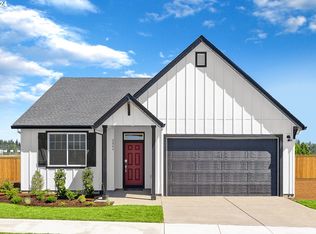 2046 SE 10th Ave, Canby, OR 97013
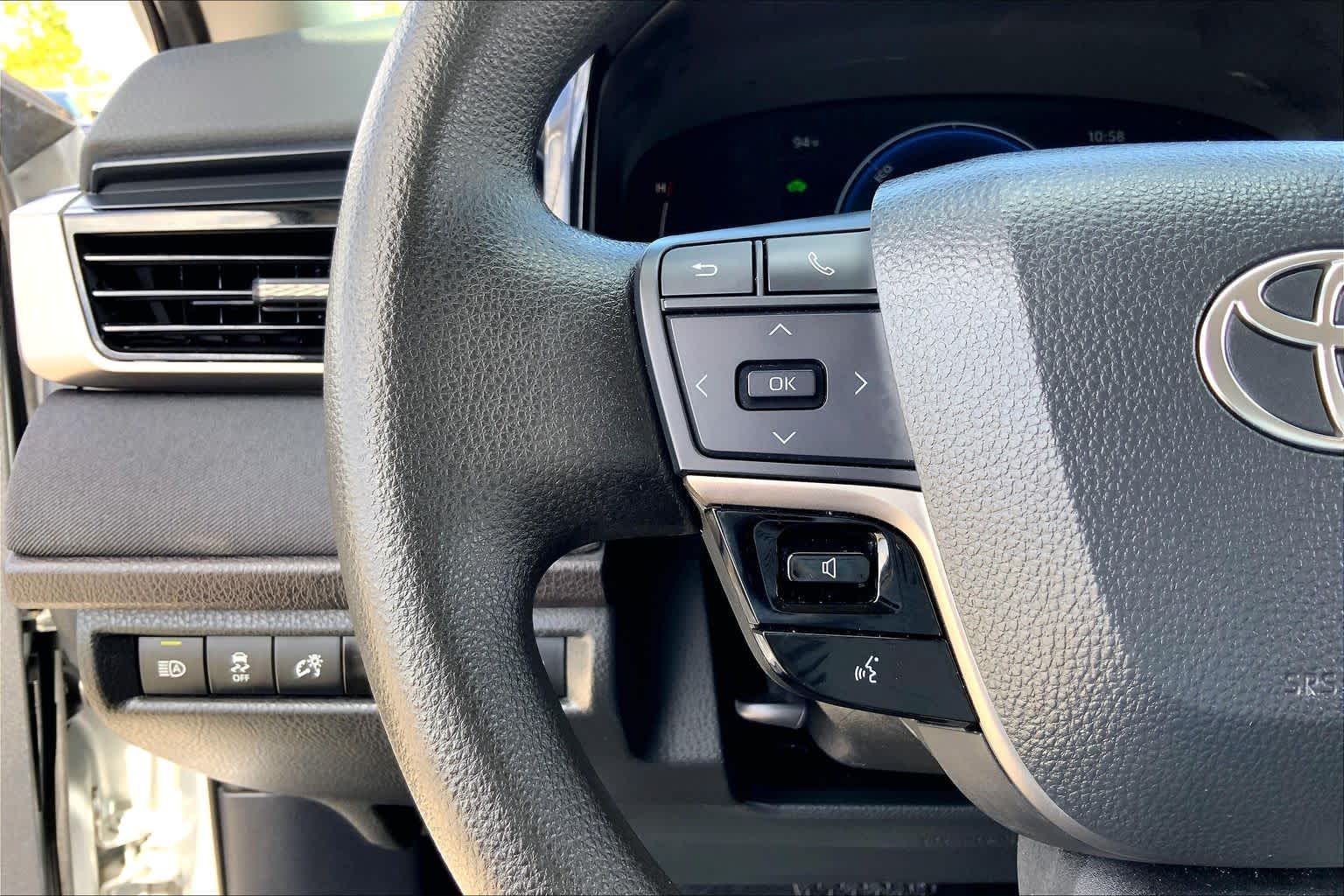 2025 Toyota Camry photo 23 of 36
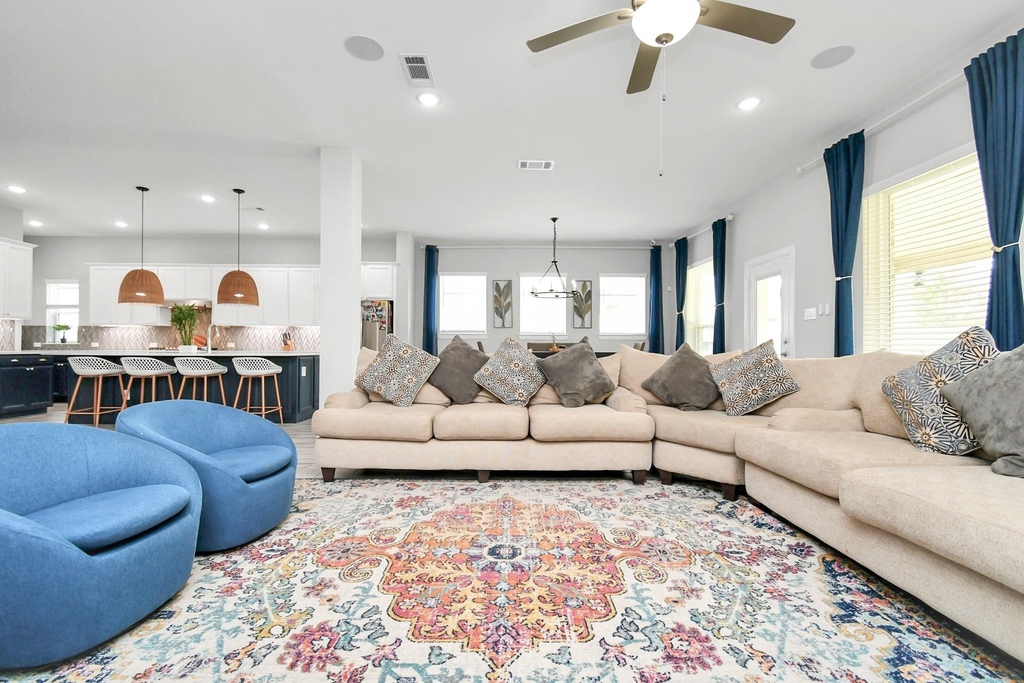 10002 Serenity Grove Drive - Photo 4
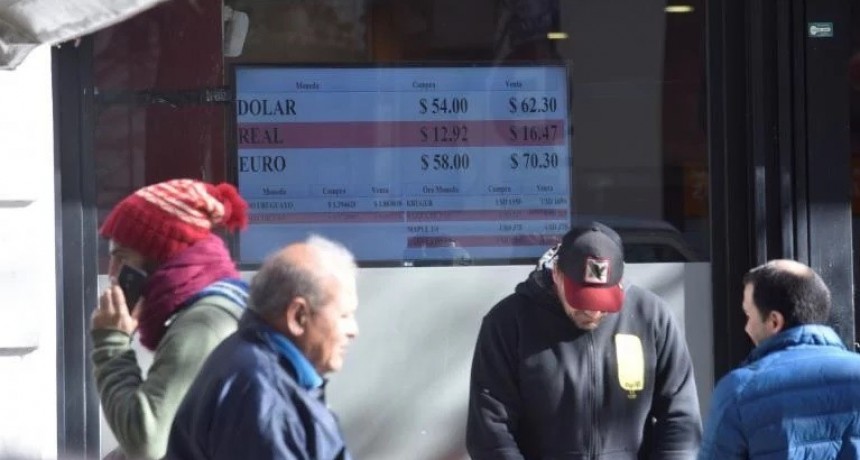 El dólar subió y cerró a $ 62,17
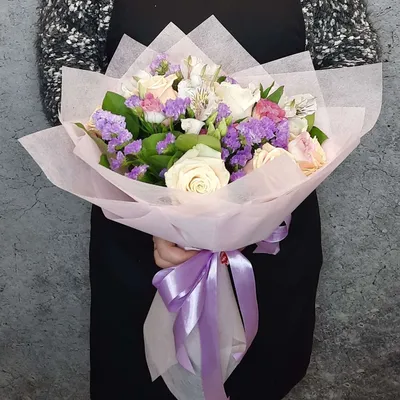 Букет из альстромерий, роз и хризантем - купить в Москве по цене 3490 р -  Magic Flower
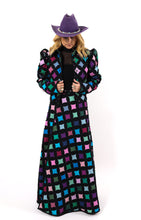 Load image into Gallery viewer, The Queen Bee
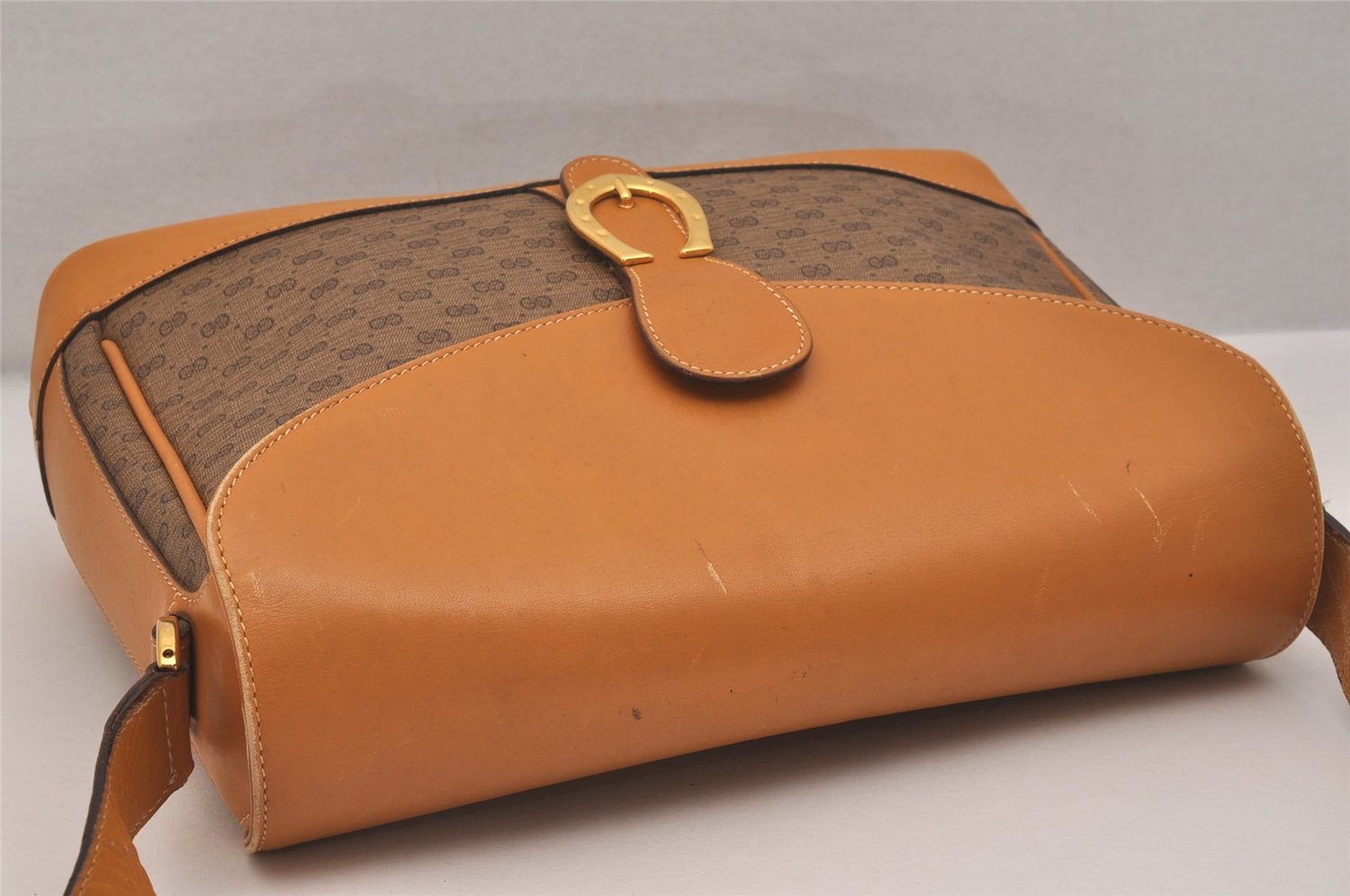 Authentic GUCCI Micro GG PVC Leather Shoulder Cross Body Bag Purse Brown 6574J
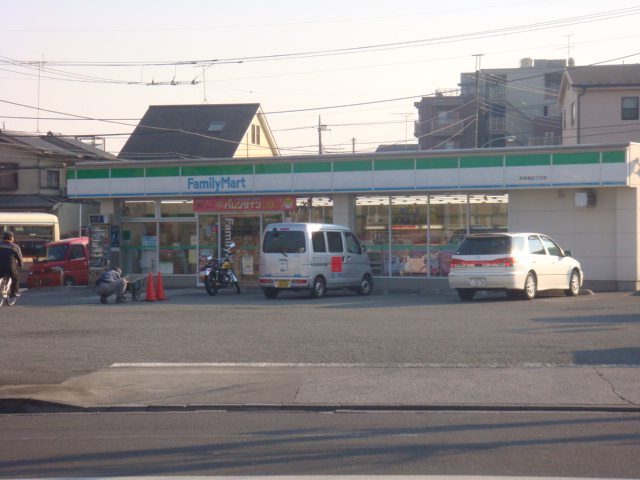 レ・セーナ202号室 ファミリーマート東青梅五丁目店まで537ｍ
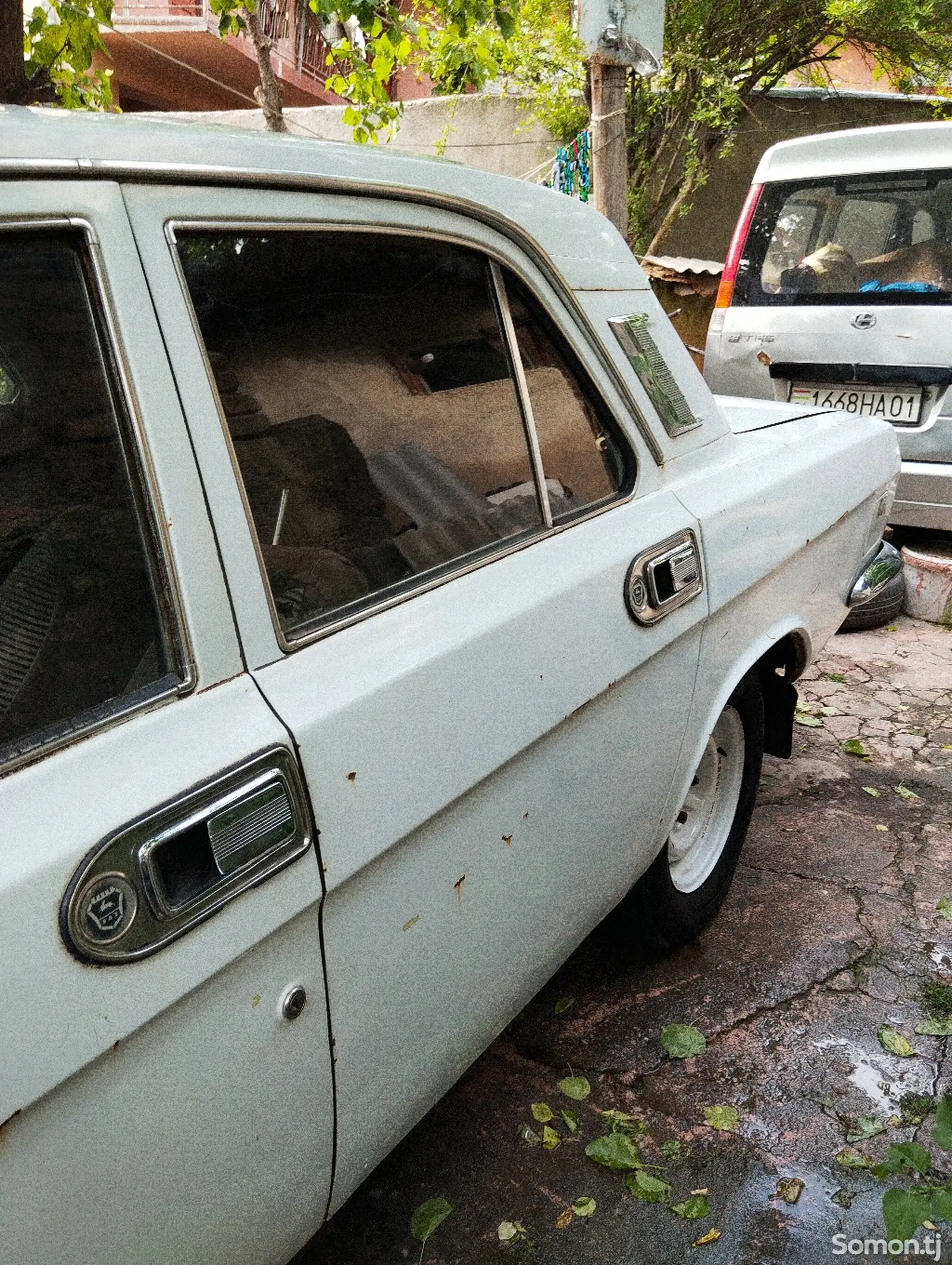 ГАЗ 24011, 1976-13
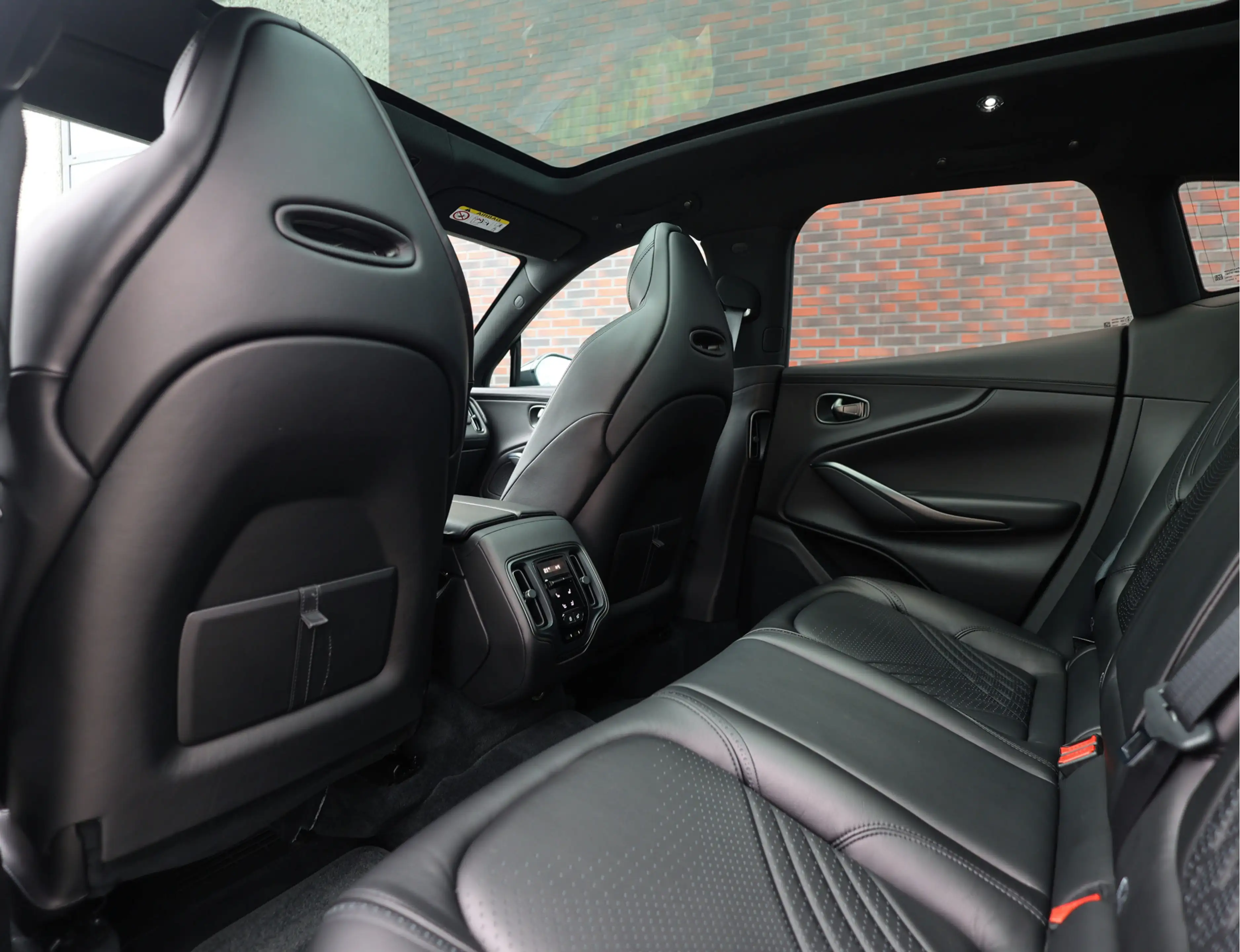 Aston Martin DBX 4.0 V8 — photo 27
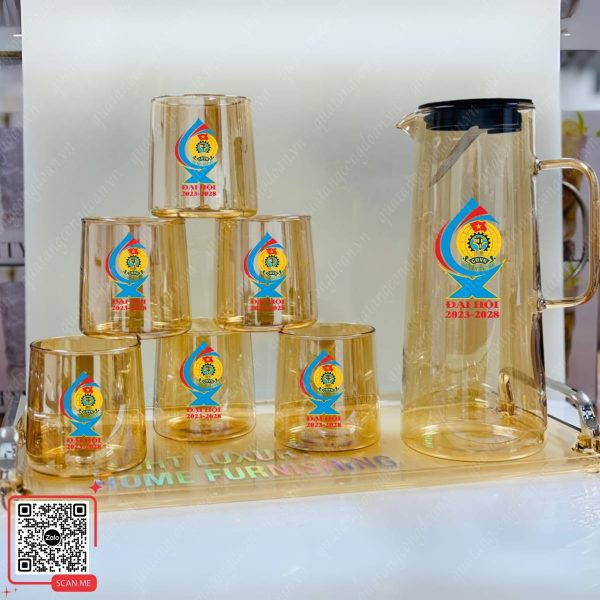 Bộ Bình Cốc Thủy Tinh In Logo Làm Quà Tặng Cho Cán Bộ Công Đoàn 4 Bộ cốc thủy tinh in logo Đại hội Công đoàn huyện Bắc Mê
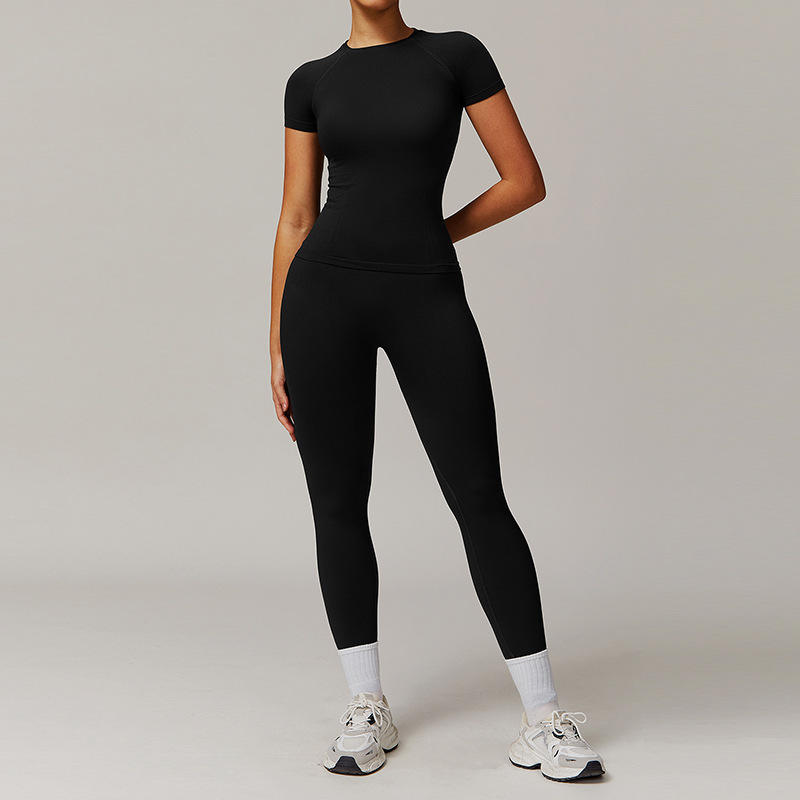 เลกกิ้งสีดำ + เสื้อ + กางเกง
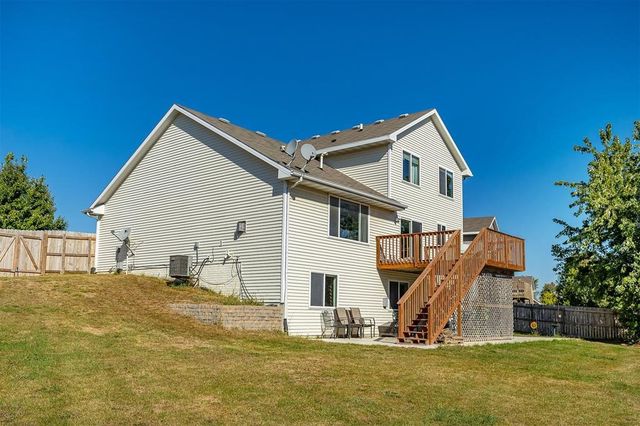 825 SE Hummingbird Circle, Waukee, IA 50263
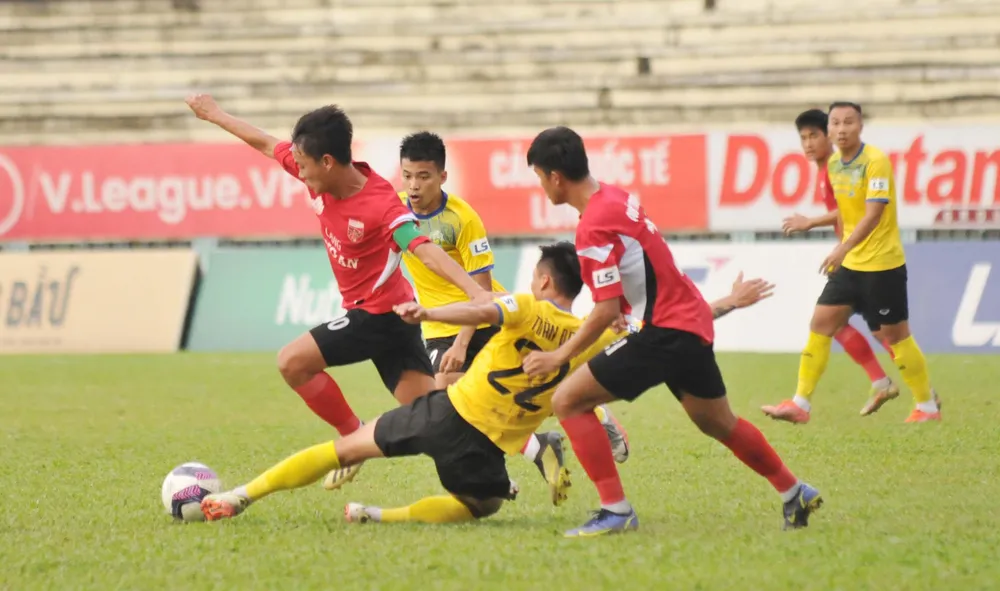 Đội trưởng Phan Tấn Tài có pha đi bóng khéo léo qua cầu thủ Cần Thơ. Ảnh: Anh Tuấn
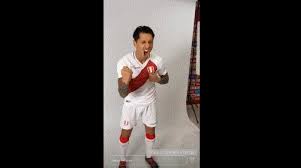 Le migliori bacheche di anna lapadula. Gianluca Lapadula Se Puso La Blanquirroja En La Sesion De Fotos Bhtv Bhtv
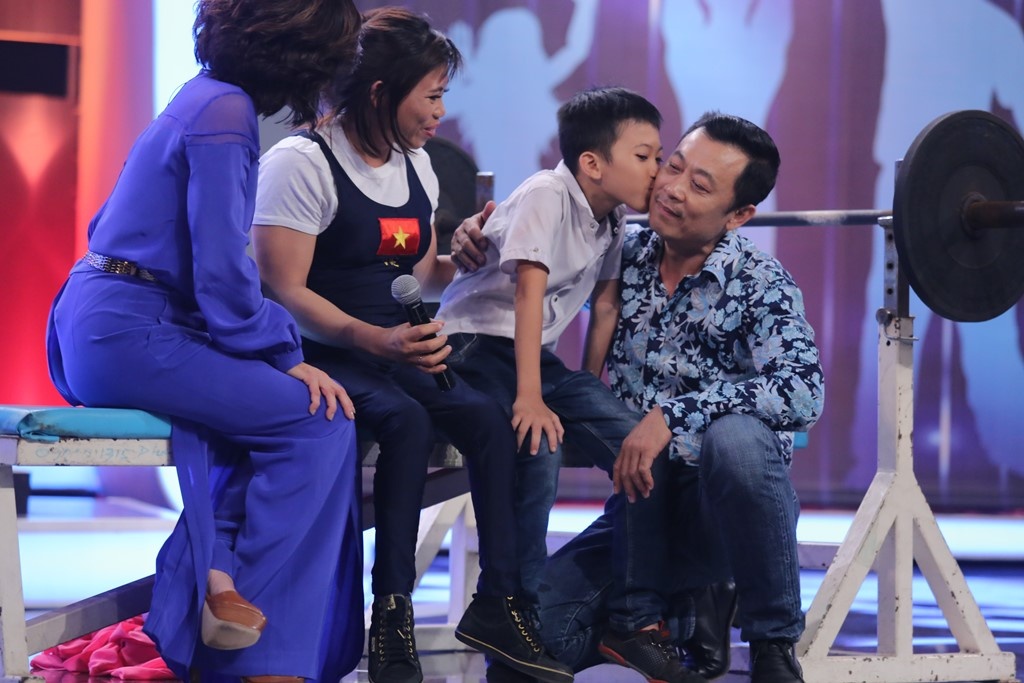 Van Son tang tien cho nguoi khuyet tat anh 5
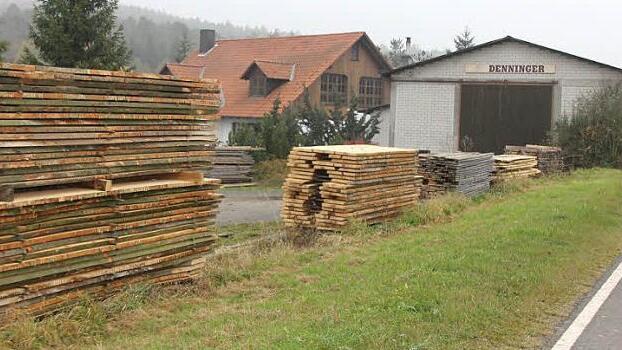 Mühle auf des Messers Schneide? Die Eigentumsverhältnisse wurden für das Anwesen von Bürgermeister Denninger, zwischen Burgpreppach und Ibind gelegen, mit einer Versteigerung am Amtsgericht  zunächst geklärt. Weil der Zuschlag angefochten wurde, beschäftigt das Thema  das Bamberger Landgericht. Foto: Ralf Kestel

* * *

> _WHAT IS REQUIRED_
The task requires the full listing to be given again verbatim, without its pictures.

> _COMPLETED EXERCISE_
 2046 SE 10th Ave, Canby, OR 97013
 2025 Toyota Camry photo 23 of 36
 10002 Serenity Grove Drive - Photo 4
 El dólar subió y cerró a $ 62,17
 Букет из альстромерий, роз и хризантем - купить в Москве по цене 3490 р -  Magic Flower
 Load image into Gallery viewer, The Queen Bee
 Authentic GUCCI Micro GG PVC Leather Shoulder Cross Body Bag Purse Brown 6574J
 レ・セーナ202号室 ファミリーマート東青梅五丁目店まで537ｍ
 ГАЗ 24011, 1976-13
 Aston Martin DBX 4.0 V8 — photo 27
 Bộ Bình Cốc Thủy Tinh In Logo Làm Quà Tặng Cho Cán Bộ Công Đoàn 4 Bộ cốc thủy tinh in logo Đại hội Công đoàn huyện Bắc Mê
 เลกกิ้งสีดำ + เสื้อ + กางเกง
 825 SE Hummingbird Circle, Waukee, IA 50263
 Đội trưởng Phan Tấn Tài có pha đi bóng khéo léo qua cầu thủ Cần Thơ. Ảnh: Anh Tuấn
 Le migliori bacheche di anna lapadula. Gianluca Lapadula Se Puso La Blanquirroja En La Sesion De Fotos Bhtv Bhtv
 Van Son tang tien cho nguoi khuyet tat anh 5
 Mühle auf des Messers Schneide? Die Eigentumsverhältnisse wurden für das Anwesen von Bürgermeister Denninger, zwischen Burgpreppach und Ibind gelegen, mit einer Versteigerung am Amtsgericht  zunächst geklärt. Weil der Zuschlag angefochten wurde, beschäftigt das Thema  das Bamberger Landgericht. Foto: Ralf Kestel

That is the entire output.